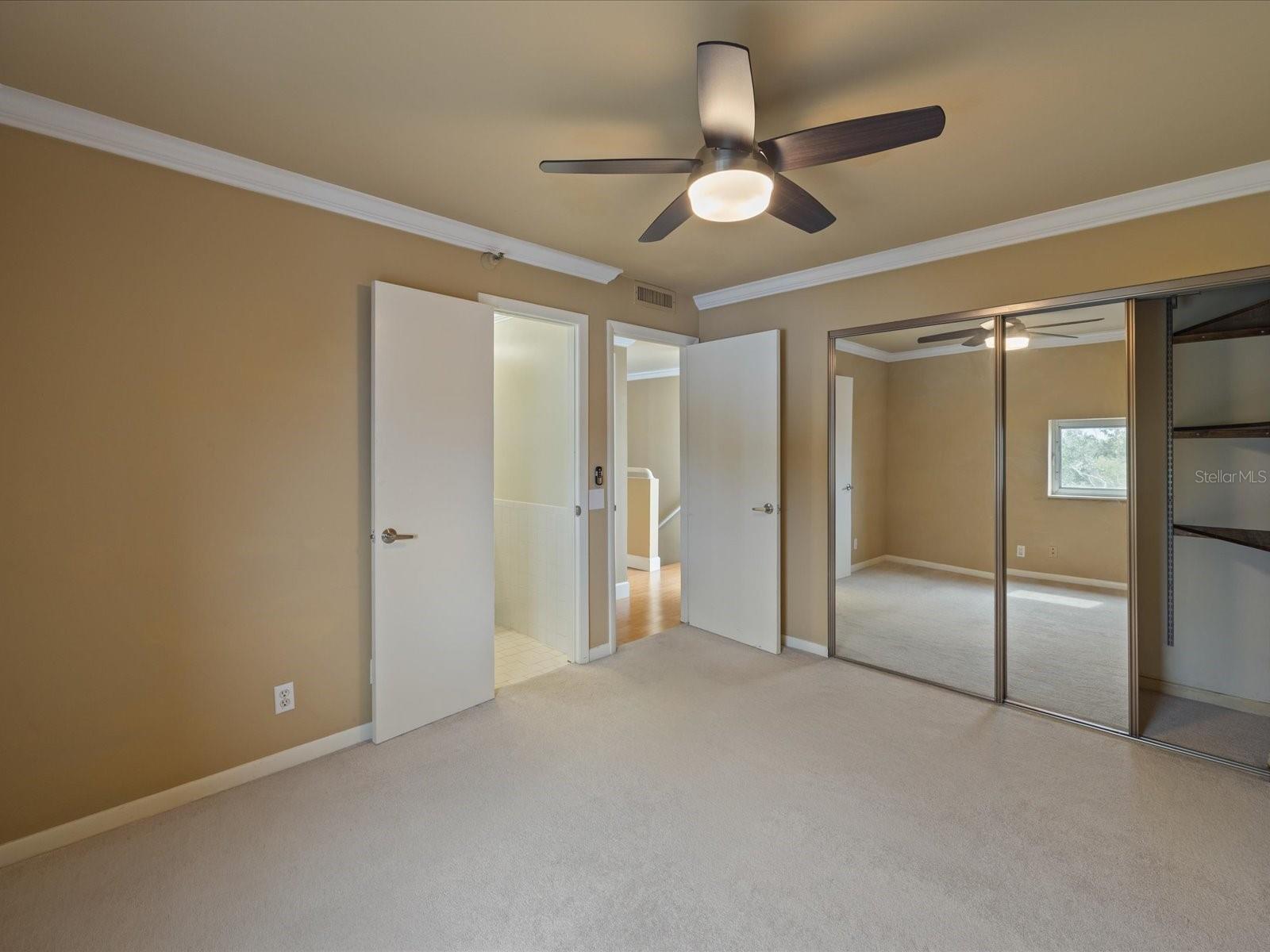 4950 BAYSHORE BLVD #28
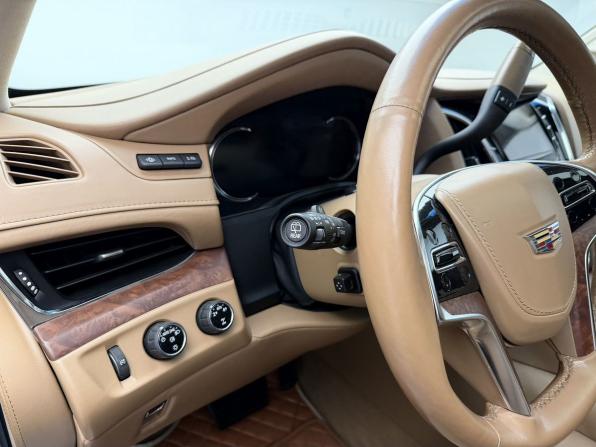 Cadillac Escalade IV с пробегом 2015 года, цена 3 849 000 рублей, 129000 км, внедорожник, Автокод Объявления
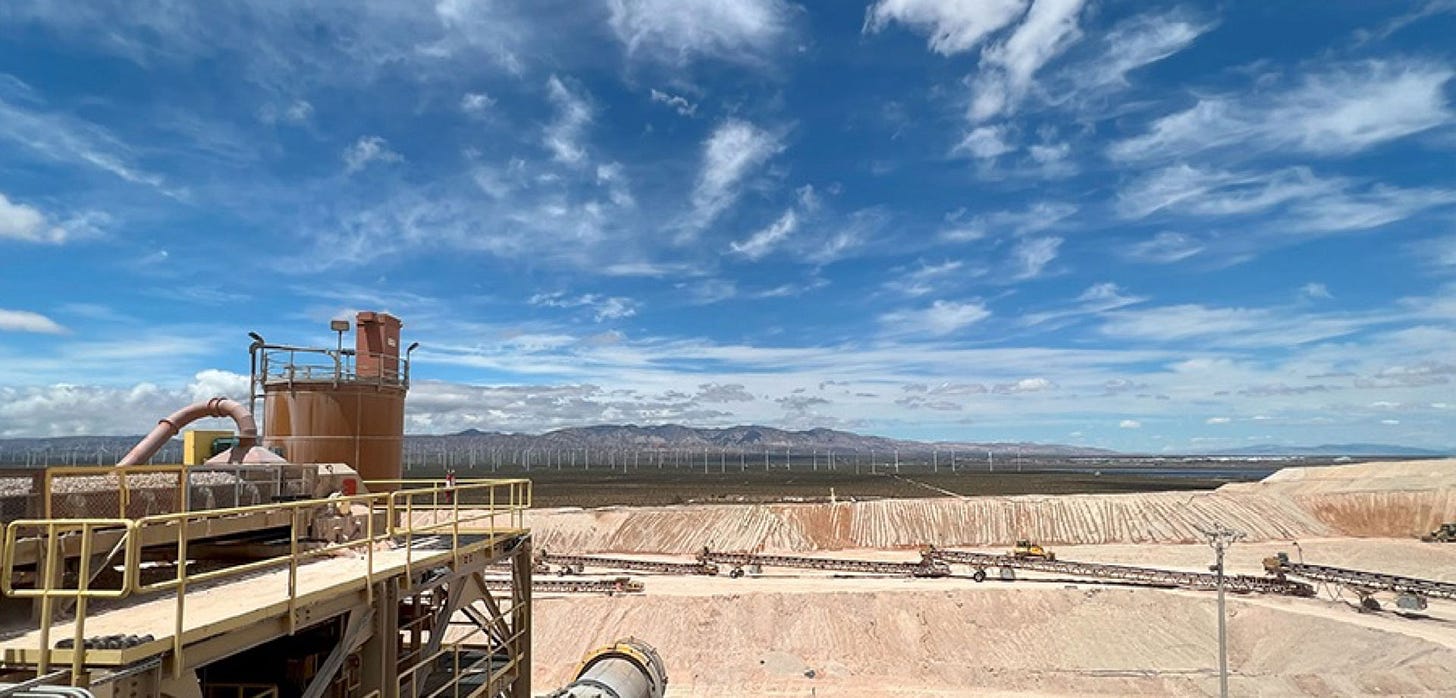 Golden Queen (USA) - Andean Precious Metals Corp.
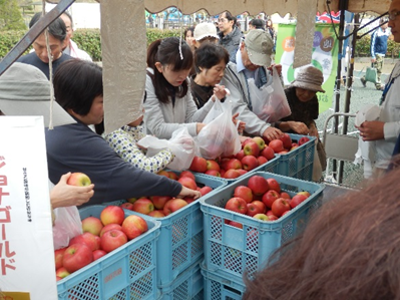 りんごの詰め放題には行列が。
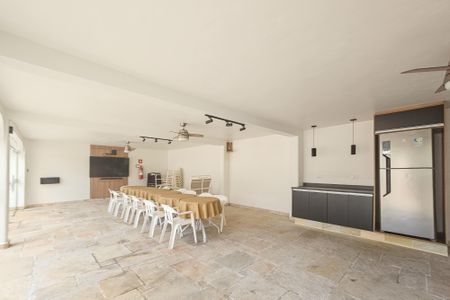 Apartamento para alugar com 144m², 2 quartos e 1 vaga Apartamento para alugar com 144m², 2 quartos e 1 vagaÁrea comum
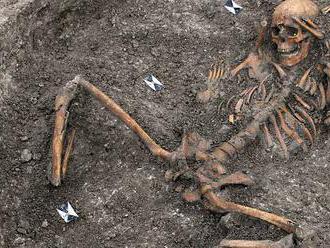 V Anglii našli desítky lidských koster. Mohou patřit obětem tajemných rituálů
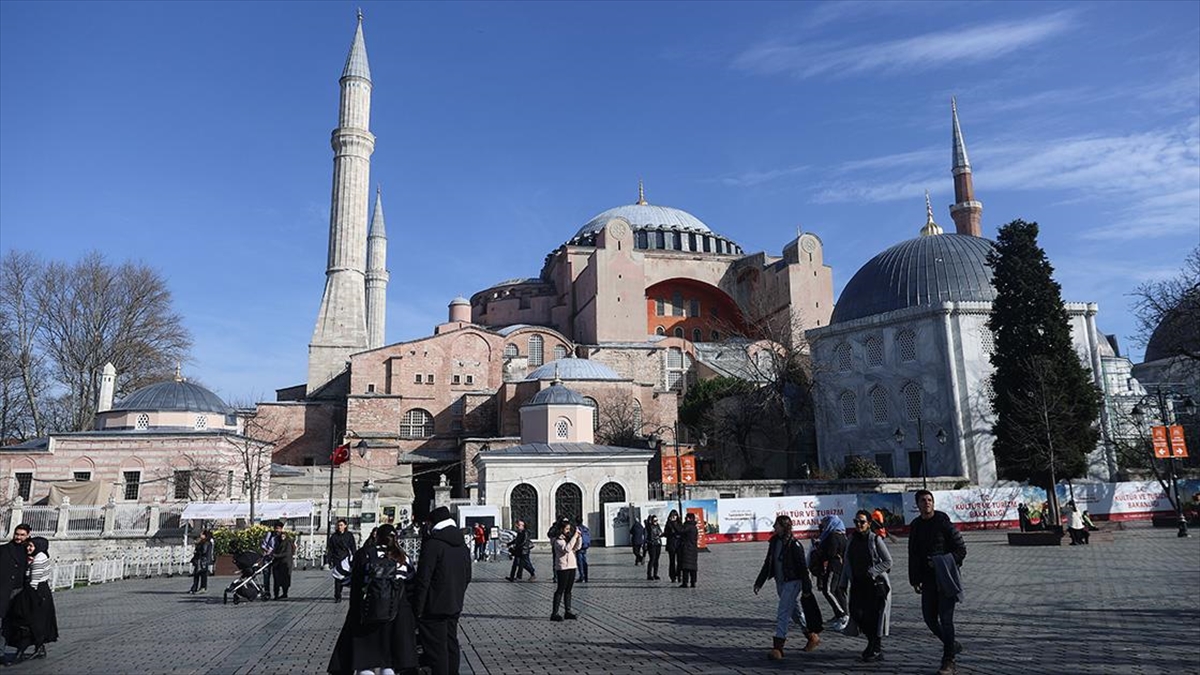 Ayasofya’da yeni düzenleme ile giriş yoğunluğu azaldı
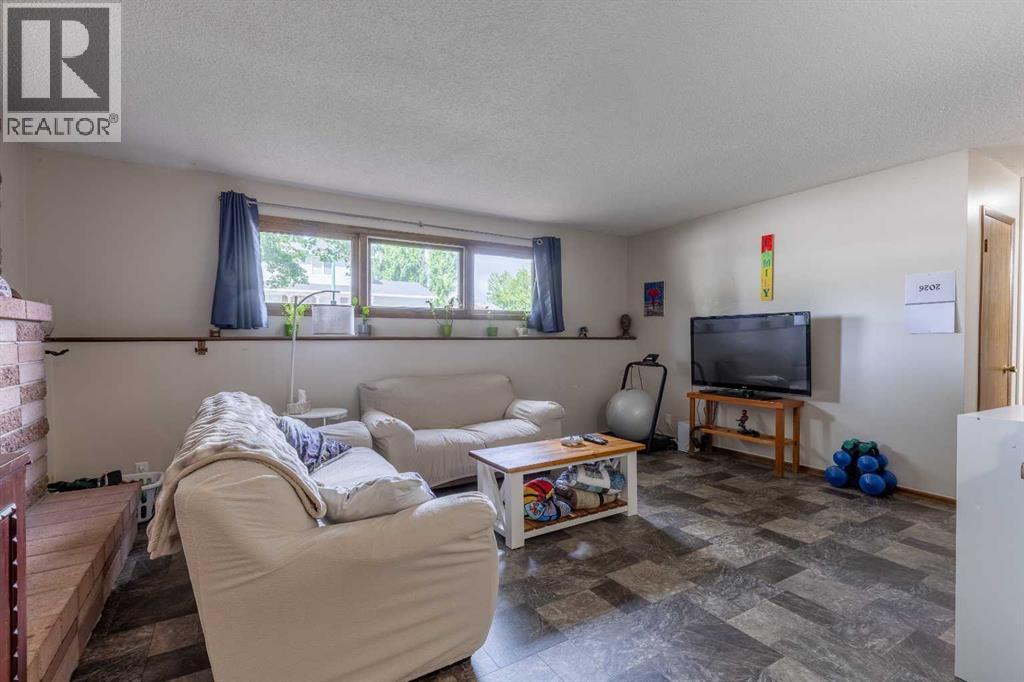 5 Larkspur Road N, Lethbridge, Alberta  T1H 4J6 - Photo 21 - A2316115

| ACTIVITY |
Nothing but the lines from the first line of the records above to the line with "Ayasofya’da yeni düzenleme", inclusive, should be transcribed exactly, and the pictures must be left out.

| EXERCISE OUTPUT |
 4950 BAYSHORE BLVD #28
 Cadillac Escalade IV с пробегом 2015 года, цена 3 849 000 рублей, 129000 км, внедорожник, Автокод Объявления
 Golden Queen (USA) - Andean Precious Metals Corp.
 りんごの詰め放題には行列が。
 Apartamento para alugar com 144m², 2 quartos e 1 vaga Apartamento para alugar com 144m², 2 quartos e 1 vagaÁrea comum
 V Anglii našli desítky lidských koster. Mohou patřit obětem tajemných rituálů
 Ayasofya’da yeni düzenleme ile giriş yoğunluğu azaldı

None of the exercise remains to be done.